If we repeat the process, we find that we expect to have (pk)^n infected individuals in the n-th wave. This quantity pk is our basic reproduction number.
Markov chains
More rigorously, let us turn to Markov chains to illustrate this. Let the random variable X_n be the number of infected individuals at time n (let’s assume we have discretized time into discrete steps so that time step n is equivalent to the n-th wave). (X_n) is a discrete time Markov chain since it satisfies the memoryless property: the number of infected people tomorrow only depends on the number of infected people today and no other information in the past is required.

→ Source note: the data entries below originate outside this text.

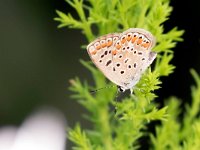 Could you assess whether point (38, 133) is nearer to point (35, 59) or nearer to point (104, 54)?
point (35, 59)

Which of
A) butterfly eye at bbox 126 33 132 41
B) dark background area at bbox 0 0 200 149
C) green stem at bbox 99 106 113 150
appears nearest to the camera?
butterfly eye at bbox 126 33 132 41

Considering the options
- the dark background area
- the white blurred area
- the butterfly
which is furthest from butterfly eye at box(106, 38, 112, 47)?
the dark background area

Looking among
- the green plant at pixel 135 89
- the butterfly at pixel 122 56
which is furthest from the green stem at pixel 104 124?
the butterfly at pixel 122 56

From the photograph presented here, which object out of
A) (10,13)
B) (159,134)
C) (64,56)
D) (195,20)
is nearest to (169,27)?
(195,20)

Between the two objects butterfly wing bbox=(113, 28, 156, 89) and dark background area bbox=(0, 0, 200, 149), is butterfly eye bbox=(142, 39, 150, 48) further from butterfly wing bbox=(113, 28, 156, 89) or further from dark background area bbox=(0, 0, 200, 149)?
dark background area bbox=(0, 0, 200, 149)

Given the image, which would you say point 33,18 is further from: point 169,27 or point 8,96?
point 169,27

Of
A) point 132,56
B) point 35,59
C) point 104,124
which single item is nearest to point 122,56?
point 132,56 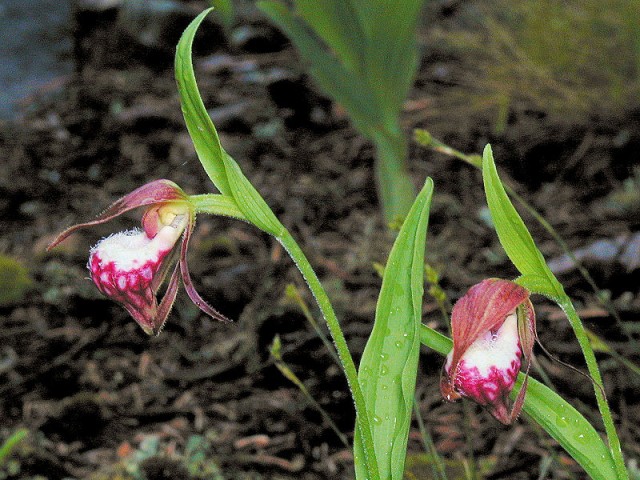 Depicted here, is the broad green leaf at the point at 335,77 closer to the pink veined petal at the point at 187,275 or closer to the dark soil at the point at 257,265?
the dark soil at the point at 257,265

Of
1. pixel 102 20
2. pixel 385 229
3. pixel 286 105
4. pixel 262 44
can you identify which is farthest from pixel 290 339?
pixel 102 20

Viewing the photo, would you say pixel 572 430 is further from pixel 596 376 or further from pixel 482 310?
pixel 482 310

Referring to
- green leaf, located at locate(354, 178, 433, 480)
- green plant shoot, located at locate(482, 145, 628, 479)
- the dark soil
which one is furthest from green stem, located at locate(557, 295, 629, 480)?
the dark soil

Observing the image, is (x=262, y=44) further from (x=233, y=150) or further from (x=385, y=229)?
(x=385, y=229)

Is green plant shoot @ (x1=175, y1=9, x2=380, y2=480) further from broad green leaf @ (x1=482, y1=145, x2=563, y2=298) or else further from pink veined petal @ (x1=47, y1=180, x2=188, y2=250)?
broad green leaf @ (x1=482, y1=145, x2=563, y2=298)

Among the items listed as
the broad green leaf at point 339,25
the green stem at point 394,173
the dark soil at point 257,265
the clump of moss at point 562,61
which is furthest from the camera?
the clump of moss at point 562,61

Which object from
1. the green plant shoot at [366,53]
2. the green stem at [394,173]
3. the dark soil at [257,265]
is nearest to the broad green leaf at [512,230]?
the dark soil at [257,265]

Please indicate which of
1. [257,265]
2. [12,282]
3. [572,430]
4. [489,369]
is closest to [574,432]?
[572,430] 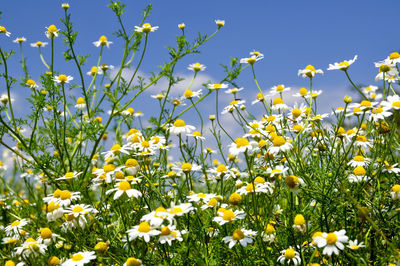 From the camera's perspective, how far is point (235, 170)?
3615 millimetres

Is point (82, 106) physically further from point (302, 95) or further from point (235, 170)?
point (302, 95)

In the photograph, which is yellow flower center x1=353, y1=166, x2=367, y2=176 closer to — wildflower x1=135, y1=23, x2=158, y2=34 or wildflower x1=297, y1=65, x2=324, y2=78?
wildflower x1=297, y1=65, x2=324, y2=78

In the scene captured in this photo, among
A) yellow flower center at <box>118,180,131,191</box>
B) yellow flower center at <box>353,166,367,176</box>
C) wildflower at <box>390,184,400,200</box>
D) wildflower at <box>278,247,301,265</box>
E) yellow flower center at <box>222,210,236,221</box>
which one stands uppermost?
yellow flower center at <box>353,166,367,176</box>

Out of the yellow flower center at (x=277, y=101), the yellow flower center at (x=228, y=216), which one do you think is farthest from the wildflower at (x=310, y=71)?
the yellow flower center at (x=228, y=216)

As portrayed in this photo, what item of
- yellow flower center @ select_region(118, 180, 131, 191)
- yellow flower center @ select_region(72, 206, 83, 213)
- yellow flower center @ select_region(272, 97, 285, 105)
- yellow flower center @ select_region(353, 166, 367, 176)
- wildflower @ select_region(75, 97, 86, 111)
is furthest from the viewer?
wildflower @ select_region(75, 97, 86, 111)

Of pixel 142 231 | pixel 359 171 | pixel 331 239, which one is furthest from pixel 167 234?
pixel 359 171

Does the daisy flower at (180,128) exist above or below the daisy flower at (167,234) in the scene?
A: above

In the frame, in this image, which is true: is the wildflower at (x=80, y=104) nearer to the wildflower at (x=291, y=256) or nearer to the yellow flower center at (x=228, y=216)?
the yellow flower center at (x=228, y=216)

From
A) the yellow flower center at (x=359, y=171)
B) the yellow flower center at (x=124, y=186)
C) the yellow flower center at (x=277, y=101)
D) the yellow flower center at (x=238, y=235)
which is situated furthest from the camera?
the yellow flower center at (x=277, y=101)

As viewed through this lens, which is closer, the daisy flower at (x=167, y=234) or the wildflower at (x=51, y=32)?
the daisy flower at (x=167, y=234)

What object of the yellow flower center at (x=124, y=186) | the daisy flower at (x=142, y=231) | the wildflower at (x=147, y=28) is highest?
the wildflower at (x=147, y=28)

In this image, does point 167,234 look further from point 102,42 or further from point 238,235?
point 102,42

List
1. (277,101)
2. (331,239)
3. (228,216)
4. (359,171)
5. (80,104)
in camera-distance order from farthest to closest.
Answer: (80,104)
(277,101)
(359,171)
(228,216)
(331,239)

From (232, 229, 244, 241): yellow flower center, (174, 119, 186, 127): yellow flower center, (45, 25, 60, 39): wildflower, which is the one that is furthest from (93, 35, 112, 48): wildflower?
(232, 229, 244, 241): yellow flower center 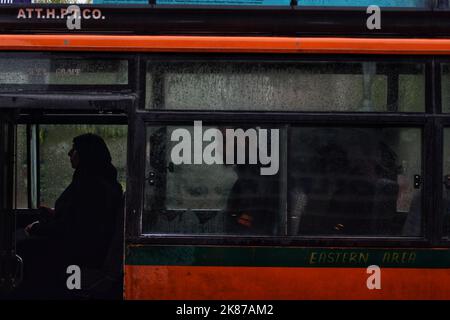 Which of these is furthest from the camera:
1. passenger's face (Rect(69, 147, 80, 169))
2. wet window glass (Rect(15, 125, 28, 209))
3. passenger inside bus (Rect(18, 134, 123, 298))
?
wet window glass (Rect(15, 125, 28, 209))

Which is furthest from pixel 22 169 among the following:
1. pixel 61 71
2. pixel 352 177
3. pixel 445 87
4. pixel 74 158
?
pixel 445 87

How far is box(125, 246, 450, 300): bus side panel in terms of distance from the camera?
5.42 meters

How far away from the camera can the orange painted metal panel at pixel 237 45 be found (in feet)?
17.8

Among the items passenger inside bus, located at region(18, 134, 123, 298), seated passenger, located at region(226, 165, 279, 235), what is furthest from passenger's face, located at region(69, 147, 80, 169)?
seated passenger, located at region(226, 165, 279, 235)

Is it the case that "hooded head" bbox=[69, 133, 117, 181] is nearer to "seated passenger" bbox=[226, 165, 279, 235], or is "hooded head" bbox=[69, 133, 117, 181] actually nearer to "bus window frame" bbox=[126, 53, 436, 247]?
"bus window frame" bbox=[126, 53, 436, 247]

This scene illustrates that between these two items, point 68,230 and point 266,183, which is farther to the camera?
point 68,230

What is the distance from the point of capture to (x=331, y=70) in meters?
5.48

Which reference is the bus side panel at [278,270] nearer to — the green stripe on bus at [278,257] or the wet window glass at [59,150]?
the green stripe on bus at [278,257]

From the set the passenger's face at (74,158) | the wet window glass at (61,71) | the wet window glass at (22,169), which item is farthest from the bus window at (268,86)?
the wet window glass at (22,169)

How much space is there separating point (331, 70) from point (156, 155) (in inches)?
48.1

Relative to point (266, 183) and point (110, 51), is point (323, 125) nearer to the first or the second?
point (266, 183)

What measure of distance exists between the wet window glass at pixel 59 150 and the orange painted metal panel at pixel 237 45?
1.40m

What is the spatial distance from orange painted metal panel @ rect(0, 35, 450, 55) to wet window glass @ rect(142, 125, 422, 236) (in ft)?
1.60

By our assumptions, the expected number of secondary infections from one infected individual is
R_0 = \mathbb{E}[X_1|X_0=1] = \sum_{K=1}^{{\infty}} Kp_K = p_kk.
To see this, note that p_K = 0 when K \neq k because by assumption one individual can only infect k different individuals independently with probability p ( = p_k).
So then,
\mathbb{E}[X_n|X_{n-1}] = R_0 \cdot X_{n-1}.
Taking expectations again on both sides and using the law of total expectation,
\mathbb{E}[X_n] = R_0 \cdot \mathbb{E}[X_{n-1}] = R_0^n \cdot \mathbb{E}[X_0] = R_0^n,
since X_0 = 1 (the only infected individual is Sam).
R_0 < 1 \implies E[X_n] \rightarrow 0 \text{ as } n \rightarrow \infty.
In words, if R0 < 1, we expect that the number of infected individuals at time n will go to 0 when n is large with probability 1.
So now we see why it is important for diseases to have a basic (or effective) reproduction number less than 1 for it to have a possibility of dying out before infecting everyone.
Extinction Probability
But what if R0 > 1? Surely the larger the value, the worse it will get. But are we doomed? Not necessarily.
The question of whether there is there a positive probability that the disease will die out (so-called the extinction probability) is another thing that people can study, although this will be the topic of another time.